**Aim of the task:** In the records below, repeat word for word only the lines starting at the one that contains "Ein modernes Wohnzimmer" and ending at the one that contains "Open kitchen with", pictures excluded.

**The data:**

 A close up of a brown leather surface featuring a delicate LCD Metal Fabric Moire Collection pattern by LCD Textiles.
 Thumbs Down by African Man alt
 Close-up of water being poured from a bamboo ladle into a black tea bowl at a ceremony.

==

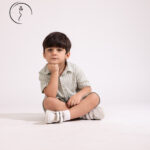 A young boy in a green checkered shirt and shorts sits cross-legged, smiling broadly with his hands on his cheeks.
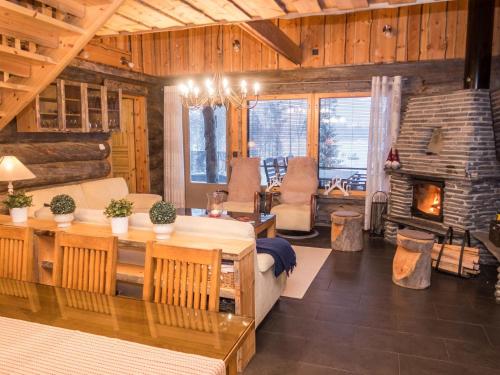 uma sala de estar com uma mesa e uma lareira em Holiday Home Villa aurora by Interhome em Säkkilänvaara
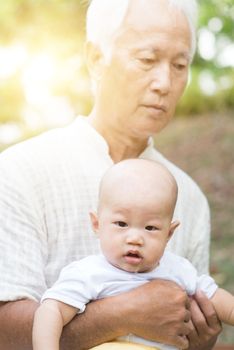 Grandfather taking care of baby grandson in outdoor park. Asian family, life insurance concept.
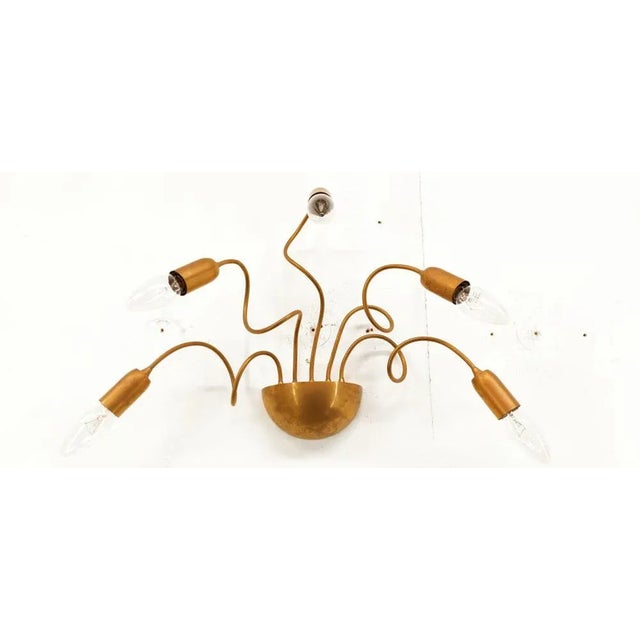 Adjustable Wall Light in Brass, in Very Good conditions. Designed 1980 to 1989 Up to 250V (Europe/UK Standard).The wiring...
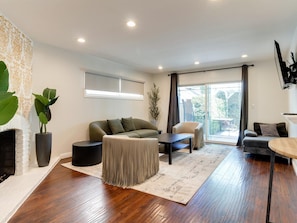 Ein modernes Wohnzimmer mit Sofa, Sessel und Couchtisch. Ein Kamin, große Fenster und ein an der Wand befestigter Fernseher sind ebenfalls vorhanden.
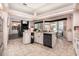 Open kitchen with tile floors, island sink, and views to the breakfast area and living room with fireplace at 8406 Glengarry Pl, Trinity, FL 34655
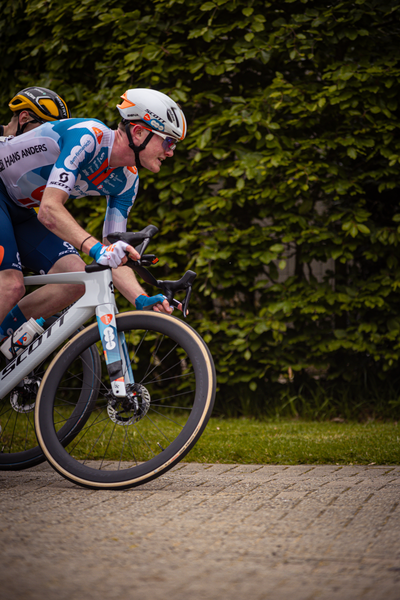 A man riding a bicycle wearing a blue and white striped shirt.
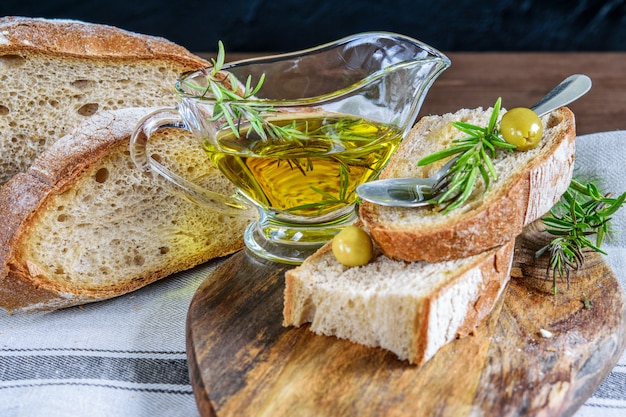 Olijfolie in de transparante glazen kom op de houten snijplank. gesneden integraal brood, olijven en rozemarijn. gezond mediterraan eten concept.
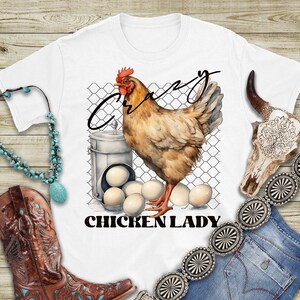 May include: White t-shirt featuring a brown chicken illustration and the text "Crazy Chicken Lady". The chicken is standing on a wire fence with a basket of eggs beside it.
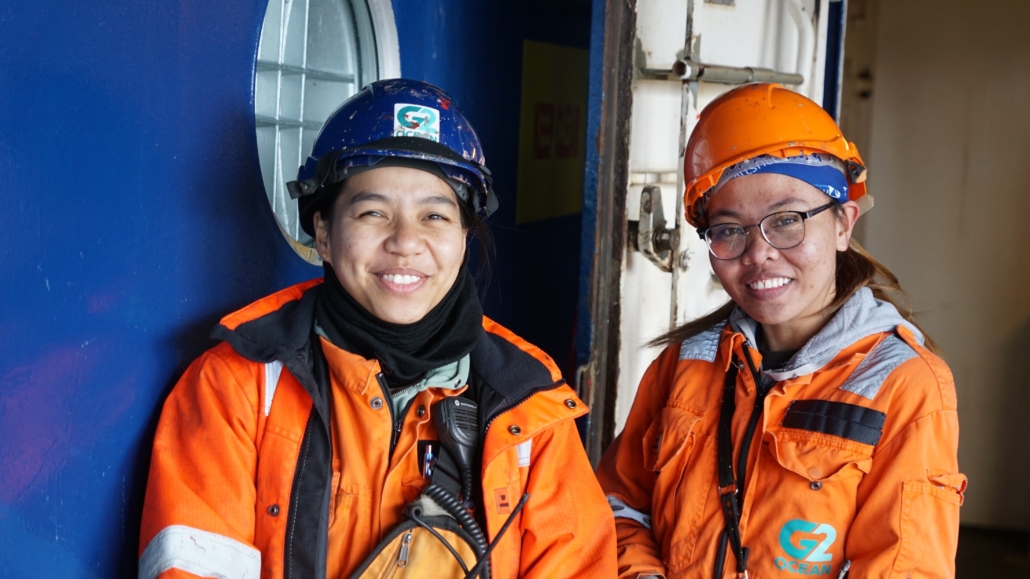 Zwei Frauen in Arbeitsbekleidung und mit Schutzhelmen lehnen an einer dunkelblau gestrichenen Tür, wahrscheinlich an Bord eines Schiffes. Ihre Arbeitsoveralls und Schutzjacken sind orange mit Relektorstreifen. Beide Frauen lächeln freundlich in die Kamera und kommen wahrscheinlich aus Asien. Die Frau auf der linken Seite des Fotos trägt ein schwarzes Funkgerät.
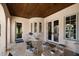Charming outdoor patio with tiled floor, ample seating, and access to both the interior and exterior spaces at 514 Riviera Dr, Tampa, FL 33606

...

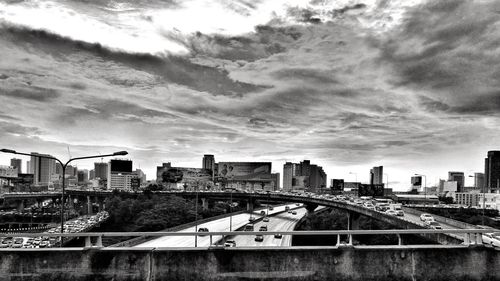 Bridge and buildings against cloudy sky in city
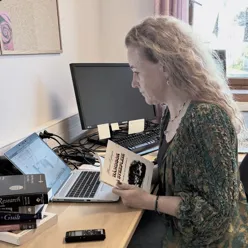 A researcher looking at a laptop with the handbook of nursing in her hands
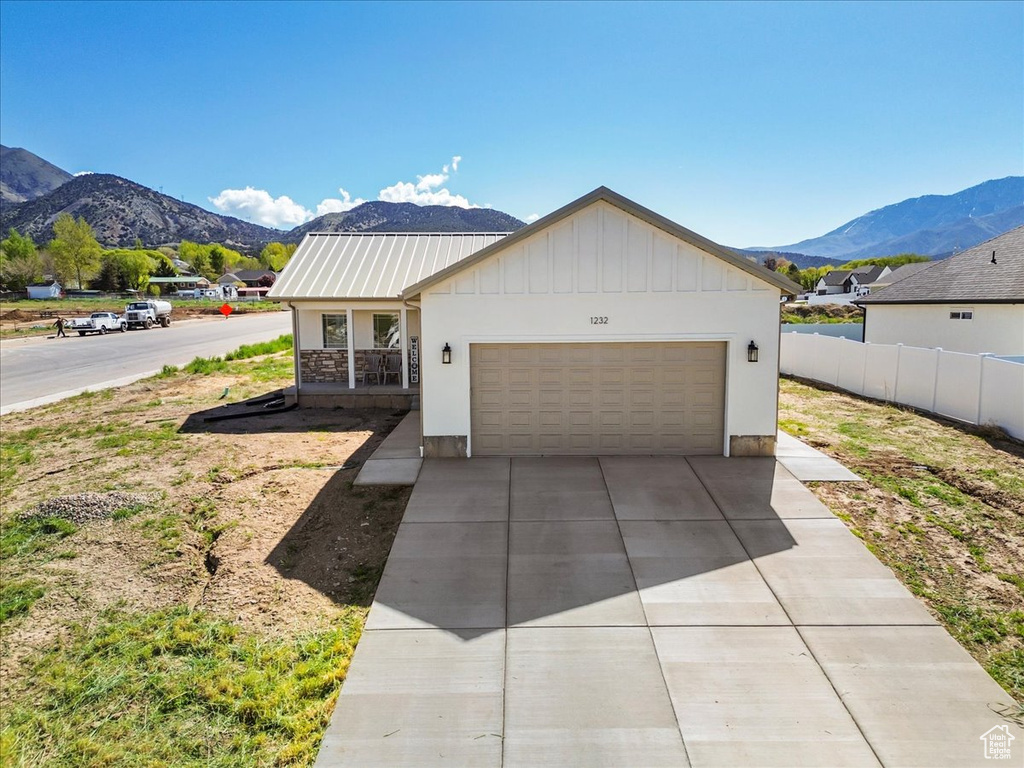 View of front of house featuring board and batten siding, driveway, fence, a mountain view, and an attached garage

**Exercise result:**
 Ein modernes Wohnzimmer mit Sofa, Sessel und Couchtisch. Ein Kamin, große Fenster und ein an der Wand befestigter Fernseher sind ebenfalls vorhanden.
 Open kitchen with tile floors, island sink, and views to the breakfast area and living room with fireplace at 8406 Glengarry Pl, Trinity, FL 34655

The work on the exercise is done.